Active and Inactive Windows

The window in which the user is currently working is the active window. The active window is the frontmost window on the desktop. It is identified visually by the "racing stripes" in its title bar.

The active window is the target of keyboard activity. It often contains a blinking insertion point (also called the caret) marking the place where new text or graphics will appear. When the user selects text in an active window, your application should highlight the text with inverse video; if the window becomes inactive, you remove the highlighting. You can use a secondary selection technique, such as an outline, to mark a selection in an inactive window. You display scroll bars only in the active window. Figure 4-3 illustrates a sample document window in active and inactive states.

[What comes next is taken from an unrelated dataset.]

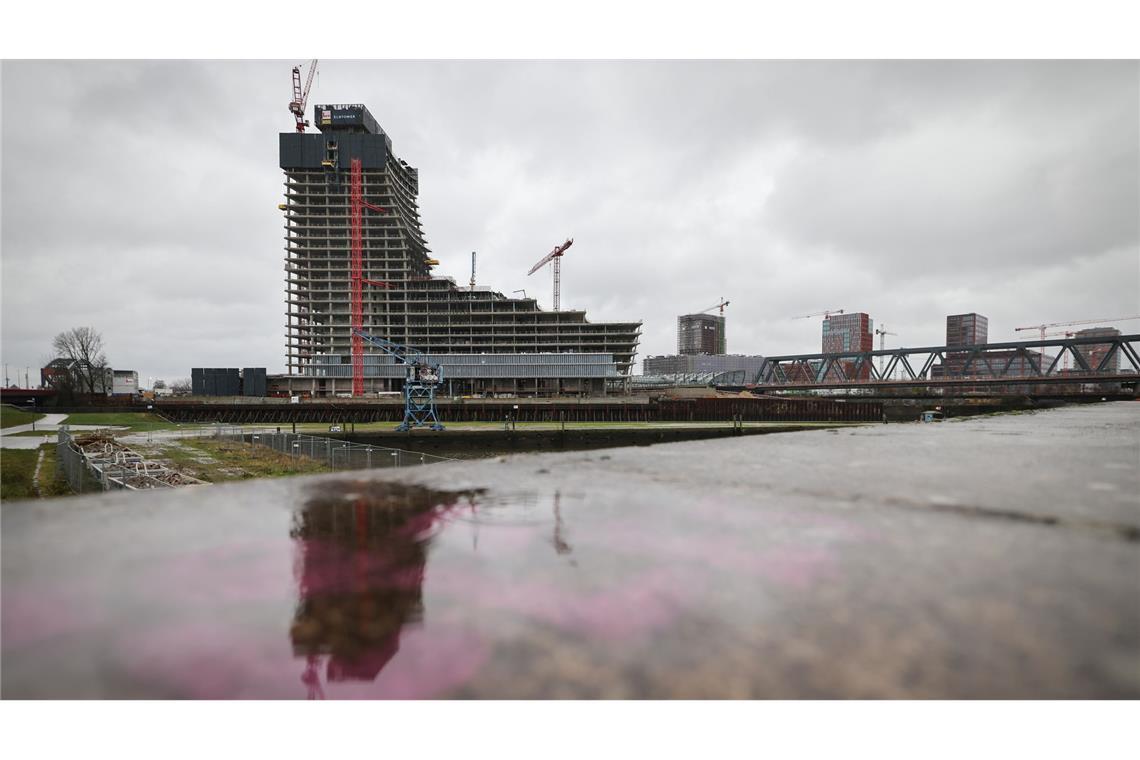 Die stillgelegte Baustelle des Elbtowers in der Hafencity.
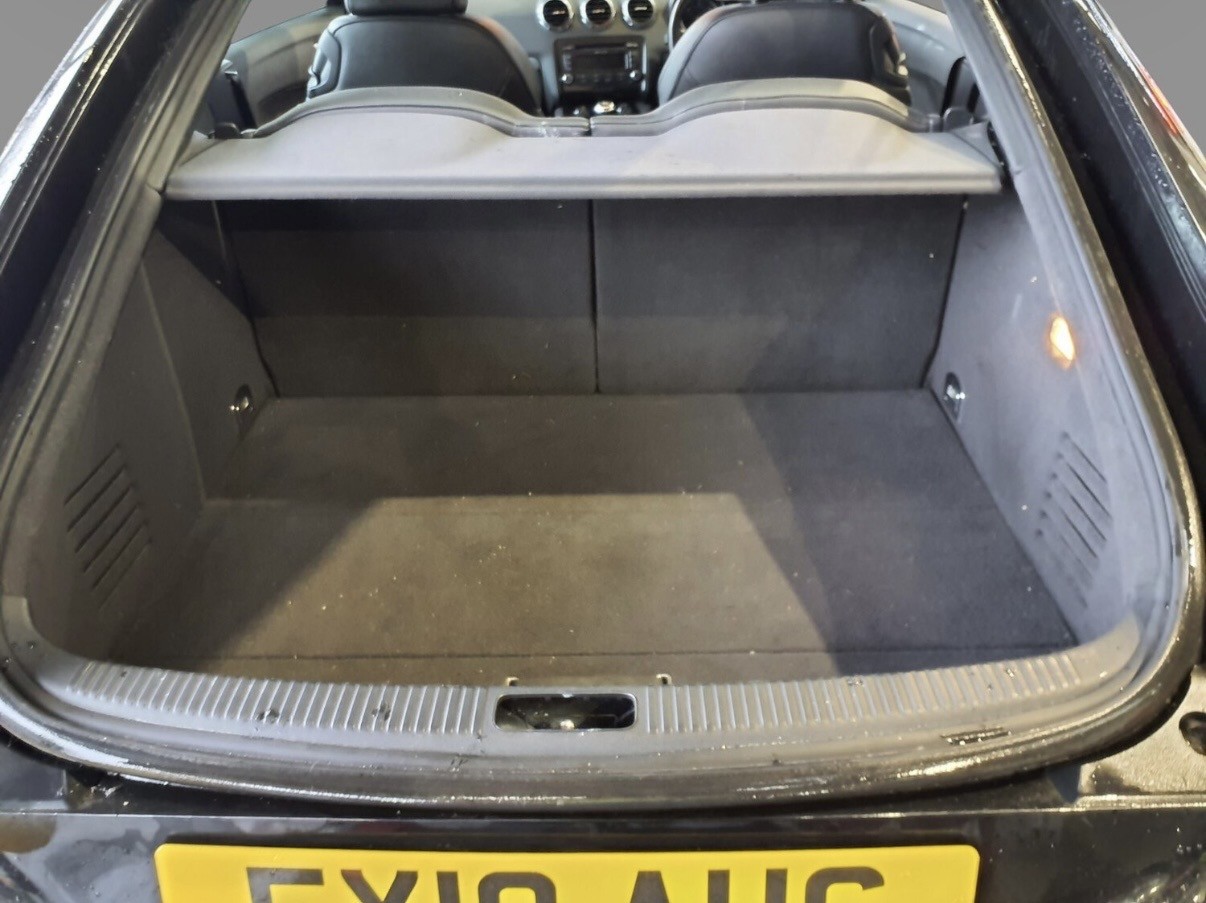 Used Audi TT 2010 for sale - 77438489: Photo 9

Except for the active window, all document windows on the desktop, whether they belong to your application or another, are inactive. Your application can process documents in inactive windows, but only the active window interacts with the user.
For example, if the user chooses Save from the File menu, your application saves
only the document in the active window.

Figure 4-3 Active and inactive document windows

To make a window active, the user clicks anywhere in its contents or frame. When
the user activates one of your windows, you call the Window Manager to highlight
the window frame and title bar; you activate the controls and window contents.
As a window becomes active, it appears to the user to move forward, in front of all
other windows.

When the user clicks in an inactive document window, you should make the window active but not make any selections in the window in response to the click. To make a selection in the window, the user must click again. This behavior protects the user from losing an existing selection unintentionally when activating a window.

Note
The Finder makes selections in response to the first click in an inactive window, because this action is more natural for the way Finder windows are used. You might find that users expect the first click to cause a selection in some other special-purpose windows created by your application. This behavior is seldom appropriate in document windows.
When a window that belongs to your application becomes inactive, the Window Manager redraws the frame, removing the highlighting from the title bar and hiding
the close and zoom boxes. Your application hides the controls and the size box and removes highlighting from application-controlled elements.

When the user reactivates a window, reinstate the window as it was before it was deactivated. Draw the scroll box in the same position and restore the insertion point or highlight the previous selection.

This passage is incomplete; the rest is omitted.